--- EXERCISE DATA ---
+===+
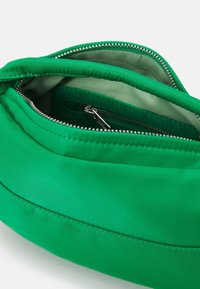 Borsa in tessuto verde brillante con due cerniere argentate aperte che mostrano un interno grigio chiaro e una piccola tasca con cerniera all'interno.
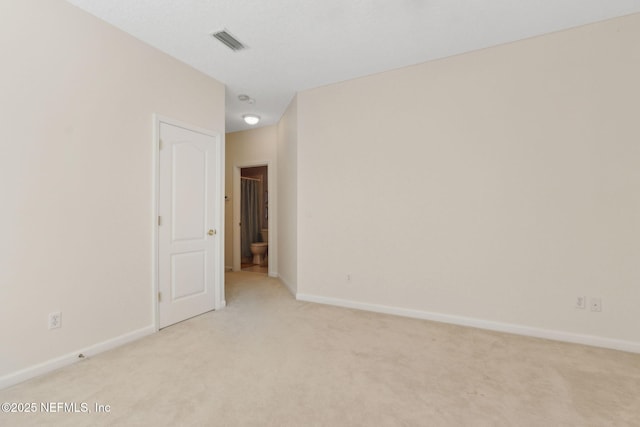 spare room with visible vents, baseboards, and light carpet
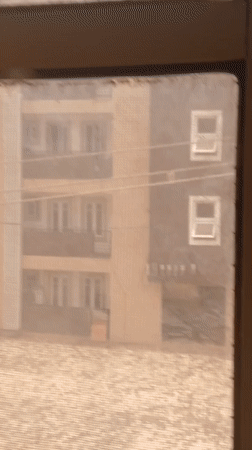 Person documents selfies and courtyard scenes in Lagos building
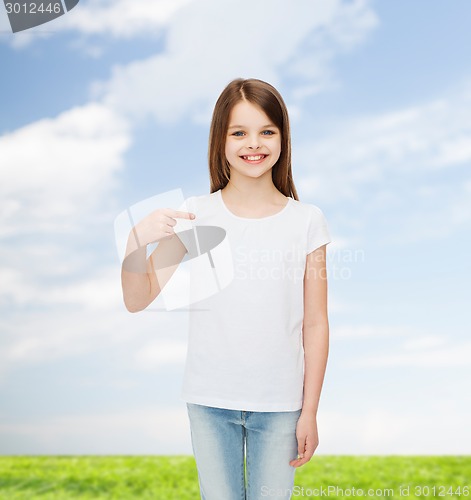 Image of smiling little girl in white blank t-shirt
+===+
--- YOUR OBJECTIVE ---
Give back the material above word for word; no picture belongs in it.

--- ANSWER SPACE ---
 Borsa in tessuto verde brillante con due cerniere argentate aperte che mostrano un interno grigio chiaro e una piccola tasca con cerniera all'interno.
 spare room with visible vents, baseboards, and light carpet
 Person documents selfies and courtyard scenes in Lagos building
 Image of smiling little girl in white blank t-shirt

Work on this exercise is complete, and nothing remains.